Blend #4: Mix up as many black teas as you can get your hands on. A blend of Ceylon, Assam, and Darjeeling, perhaps with even a hint of coffee bean, brings you what we like to call the English Breakfast tea. It's robust, heady, and a great way to wake up in the morning.

Blend #5: Maybe you want something a little less in-your-face with a black tea base. Start with a simple Assam and add in some ginger, lemongrass, and a hint of cardamom. This blend will bring to mind Thai cuisine, and pairs well when brewed in hot milk rather than water.

Herbal Tea Blends

Herbal teas don't contain tea leaves, but the variety of different plants you can use in an herbal blend is almost limitless. Even plants you wouldn't typically think of as edible, like certain wildflowers, make great elements of herbal teas.  They tend to have very delicate flavors, and are often smooth and fruity.

Blend #1: Mix up lavender, rose petals, and rose buds with a base of chamomile. This tea encourages peace, stress relief, and sleep, making it a great after dinner tea or a tea to sip on a stressful day.

Blend #2: Something similar to the above, you take a chamomile base and add rose buds, corn flowers, and orange peels. This is a light tea blend that brings citrus to mind and is almost like drinking a cup of orange juice with breakfast. It's an excellent beverage to accompany breakfast on a leisurely day where you don't need the caffeine to get up and moving.

Blend #3: Teas work great for everything from waking up to going to sleep, but what about teas meant to heal? An herbal blend of fennel, chamomile, and peppermint will be a pungent and healthy way to soothe a stomach ache or intestinal distress.

Blend #4: This blend is stacked with health benefits. Infuse your hot water with a mixture of turmeric and licorice root for a bold start, then add in some ginger for spice. Top it off with a balance of lemongrass and lemon and orange peels for a citrus candy flavor.
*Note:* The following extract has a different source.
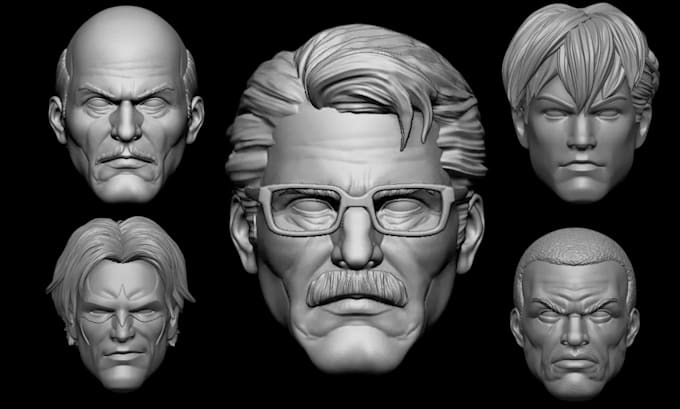 sculpt realistic 3d head model 3d printable character 2d to 3d head model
Top the whole thing off with some honey when you brew it to sweeten it for best effect.

Exotic Mixtures

If you want something a little deeper in the tea world, or if you want to stack teas for additional effects and brew it strong, here are a couple of additional blends you can try:

Blend #1: This blend starts with a Sencha tea, a kind of leafy green tea favored in Japan. Mix it up with some oolong and some pu'erh, which will largely override the flavor. Why include the others? For the health benefits! To flavor this tea, add in peppermint, cinnamon, licorice root, and a combination of lemon myrtle, elderberry, hibiscus, and strawberry leaves. This result will still be missing a certain something, so add in apple, black currant, blackberry, raspberry, and orange oil. The total result is a pungent, aromatic tea with more notes than you can count, and it has a ton of health benefits.

Blend #2: Take some tea and ferment it for a while, and drink the resulting probiotic tea. Alright, so this one isn't really a blend you can make at home. Always be cautious with home fermentation; if you do it wrong, it can be dangerous to your health. Still, Kombucha – a kind of fermented tea beverage – has a variety of health benefits when you pick it up at a store. Give it a try!